Paroles indiennes

Publié le par la freniere

Dresseur de chevaux Mohawk

Sa selle à présent : un réservoir d’oxygène, ses rênes : les tubulures

lui passant au travers de la poitrine et autour du cou.
Mon papa m’a perché sur mon premier cheval quand j’avais six ans,
me dit Phillipe. Sa voix s’élève comme anticipant
le galop enchevêtré de sabots qu’il entendrait
venir depuis une vallée en Idaho.
Pour retrouver ses souvenirs
son regard glisse de moi
vers le plafond.
Comment les dressez-vous ? Demandé-je.
Philippe rit. Il faut juste rester dessus.
Quand j’avais neuf ans je dressais des chevaux
avec des hommes qui en avaient vingt.
Puis ses yeux s’assombrissent—
des étoiles couvertes par une bande de nuages orageux—
alors que Philippe quitte ce passé
et s’en revient là où il est allongé maintenant. Il laisse échapper un soupir,
le même soupir épuisé
que les Pintos devaient pousser
sous son poids osseux.
A présent je souris devant ses bottes en peau de lézard
qui dépassent en dessous du lit d’hôpital,
indiquant, bien qu’handicapé, sa volonté indomptée.
Sûr que j’aime les chevaux, déclare-t-il,
et il ferme les yeux afin de rejoindre
le monde qu’il connaissait avant.

 

Traverse du lac Eufaula

autoroute 695 près de Krebs, Oklahoma.


Au moment où je pense ne plus pouvoir supporter
les plaines à perte de vue, nous traversons le lac Eufaula,
des hectares et des hectares d’eau
jusqu’à l’horizon.

Il y a des mobil homes entourées de pins et des bateaux attachés à des pontons privés.
Je dis  je voudrais vivre ici un jour.
L’ambiance devient crépusculaire, et le soleil fait la dernière démonstration de son pouvoir
-- blanc et saignant.

Tu ne réponds pas tout de suite, alors j’attends. Puis tes paroles
se déploient telles les ailes d’un origami.

Personne n’a avoué qu’ils le savaient, mais ce lac fut construit sur des buttes funéraires
des populations Indiennes du bassin du Mississipi, à moins que ce ne soit des Hopewells,
à ta place je ne ferais pas cela, dis-tu.

Il y a une cabane en bois et une Volvo rouge sur l’allée de graviers.
Aucun signe de la famille.
Deux pêcheurs assis sur les piles du pont attendent les perches.

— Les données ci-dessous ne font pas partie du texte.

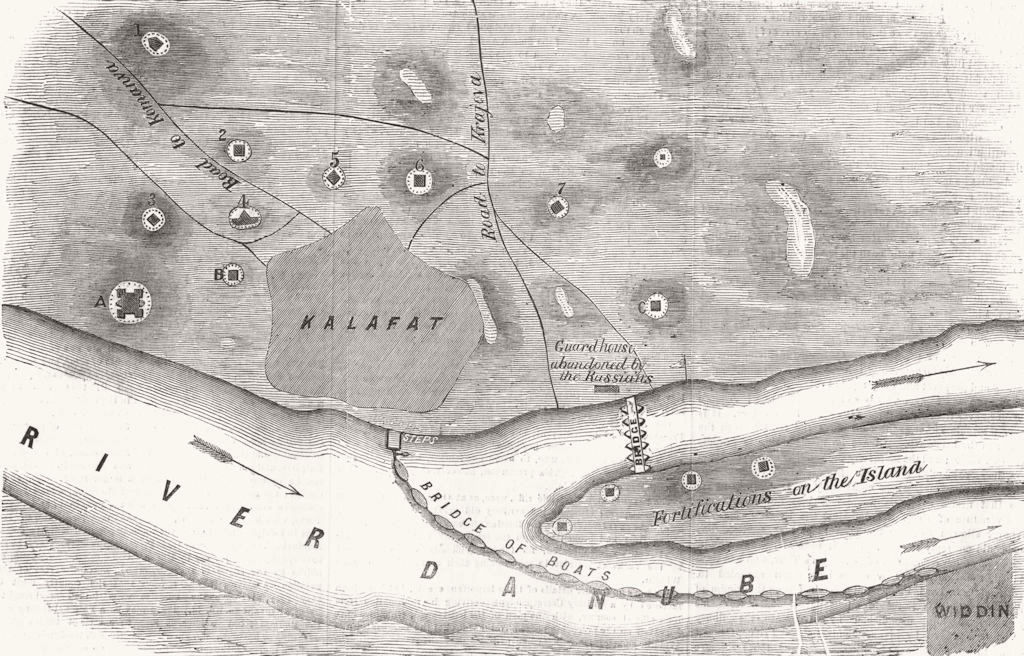 Associate Product ROMANIA. Plan battle of Calafat & retreat Russians to Krajova, old print, 1854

Je n’emporterais rien qui vienne d’ici non plus, ajoutes-tu.
Laisse tout ici, c’est à ce lieu que cela appartient.
Tu ne voudrais pas prendre quelque chose comme ça avec toi.

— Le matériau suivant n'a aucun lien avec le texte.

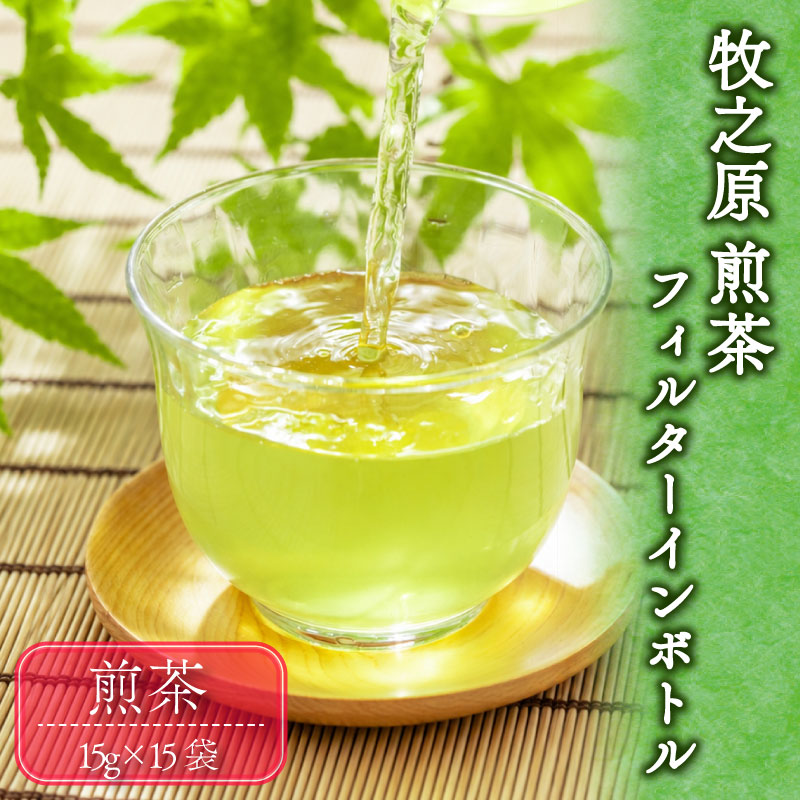 087-3　茶葉で簡単おいしい水出し茶を！フィルターインボトルと一煎茶のセット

Le soleil luit orangé à présent
il commence à couler
sous la lame du lac Eufaula    
son eau contient notre silence comme la pluie.

 

Marianne A Broyles

Traduction : Béatrice Machet

 

Marianne A Broyles est membre de la nation Cherokee d’Oklahoma, donc une descendante des Cherokee déportés dans les années 1830, épisode que l’on a appelé la piste des larmes.